Jednak są dzieci, u których komórki białaczkowe są oporne na te sposoby leczenia. Dlaczego? Na to pytanie ma odpowiedzieć zespół badaczy, który zdobył na ten cel finansowanie Narodowego Centrum Nauki w wysokości 3,4 mln zł.
Dać broń w walce z chorobą
Wykorzystujemy wyjątkową w skali świata metodę opartą na sondach chemicznych i cytometrii masowej oraz unikatowe połączenie kompetencji: lekarz hematolog i biolog molekularny, czyli prof. Młynarski oraz biochemik, czyli ja
– tłumaczy prof. Poręba z Politechniki Wrocławskiej.
Nikt w ten sposób nie bada ostrej białaczki limfoblastycznej
– dodaje.
Hipotezy badaczy opierają się na analizie aktywności enzymów odpowiedzialnych za niszczenie zbędnych i nieprawidłowych komórek. Aktywność ta może odbiegać od normy. A przez zachwianą równowagę, organizm nie radzi sobie z walką z nowotworem. To bardzo precyzyjnie określony cel, który pozwoli poznać kolejny mechanizm kluczowy dla terapii ostrej białaczki limfoblastycznej.
Być może to właśnie enzymy, odpowiedzialne w naszym ciele za każdy proces w nim zachodzący, będą rozwiązaniem potrzebnym do opracowania terapii onkologicznych, tzw. nowotworów lekoopornych.
Tradycyjne terapie niszcząc komórki nowotworowe przy okazji bardzo wyniszczają organizm. Często zdarza się, że jest on tak osłabiony, że nie ma możliwości walki z chorobą. W tym przypadku, jeśli kluczowa okazałaby się zachwiana równowaga aktywności enzymów, można byłoby „wyposażyć” nasz system odpornościowy w skuteczną broń. W jaki sposób?
Terapią genową, dzięki której organizm sam byłby w stanie produkować potrzebny enzym, przywracając samodzielną umiejętność niszczenia komórek nowotworowych
– odpowiada prof. Młynarski.
Na razie mówimy o badaniach podstawowych
– przyznaje prof. Poręba, odpowiadając na pytanie o czas, jaki jest potrzebny naukowcom do przedstawienia wyników projektu.

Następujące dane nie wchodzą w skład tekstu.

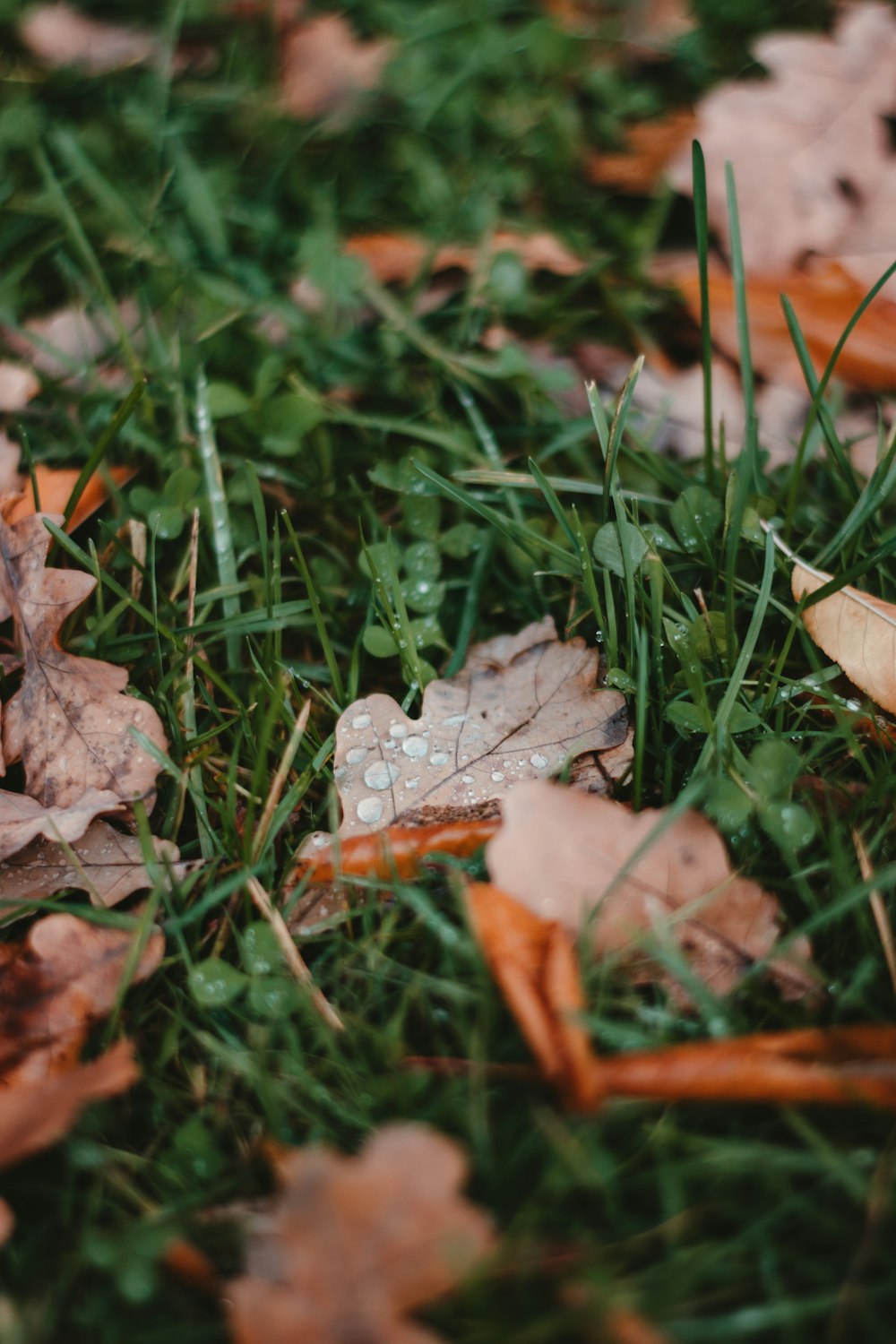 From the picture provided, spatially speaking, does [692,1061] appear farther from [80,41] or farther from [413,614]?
[80,41]

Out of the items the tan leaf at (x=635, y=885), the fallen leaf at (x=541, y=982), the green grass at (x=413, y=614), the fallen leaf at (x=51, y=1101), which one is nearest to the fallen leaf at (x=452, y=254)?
the green grass at (x=413, y=614)

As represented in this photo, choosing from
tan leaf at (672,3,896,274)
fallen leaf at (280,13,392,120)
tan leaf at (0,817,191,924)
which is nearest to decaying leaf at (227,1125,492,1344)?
tan leaf at (0,817,191,924)

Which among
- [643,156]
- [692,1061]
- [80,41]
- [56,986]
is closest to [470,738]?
[692,1061]

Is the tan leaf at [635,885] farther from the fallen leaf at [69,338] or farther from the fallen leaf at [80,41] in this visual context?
the fallen leaf at [80,41]

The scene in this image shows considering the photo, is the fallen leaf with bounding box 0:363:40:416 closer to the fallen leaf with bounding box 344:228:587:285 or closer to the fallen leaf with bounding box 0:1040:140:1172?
the fallen leaf with bounding box 344:228:587:285

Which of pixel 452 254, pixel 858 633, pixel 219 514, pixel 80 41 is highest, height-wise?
pixel 80 41

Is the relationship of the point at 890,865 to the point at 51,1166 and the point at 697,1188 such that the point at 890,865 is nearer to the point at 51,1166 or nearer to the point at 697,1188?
the point at 697,1188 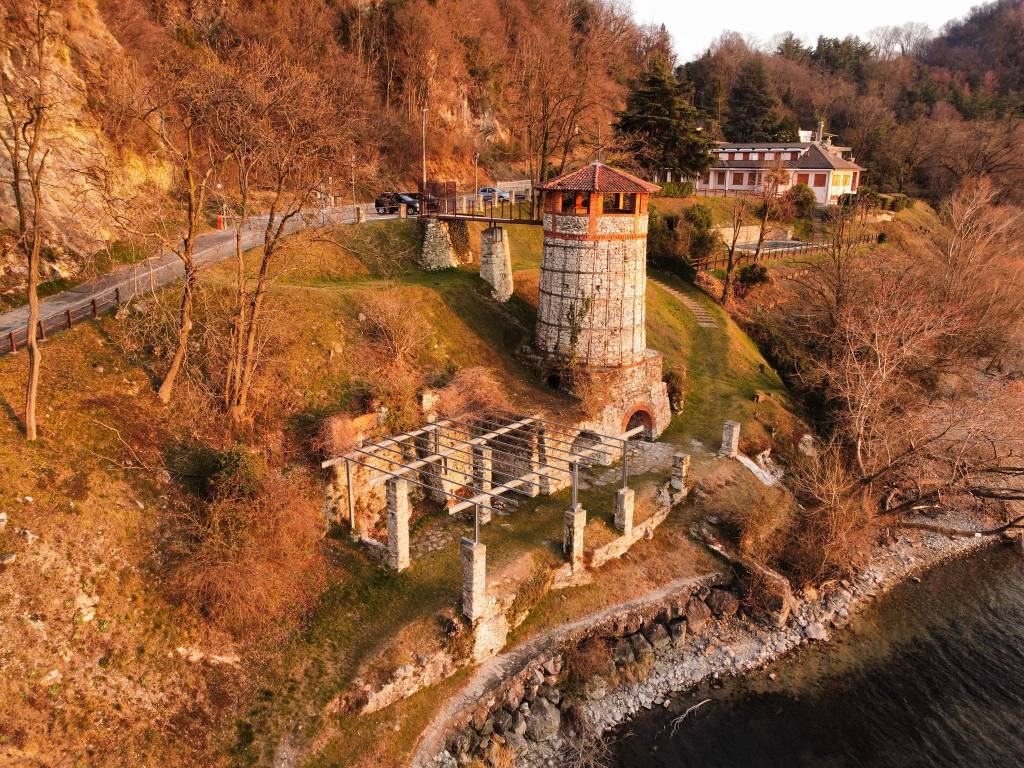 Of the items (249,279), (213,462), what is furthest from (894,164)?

Wiem jednak, że poznanie mechanizmów działania enzymów zbliża nas do odpowiedzi, w jaki sposób walczyć z chorobą. W przypadku atakującej dzieci ostrej białaczki limfoblastycznej, to wiedza na wagę życia
– dodaje.
Projekt finansuje Narodowe Centrum Nauki w ramach programu Opus.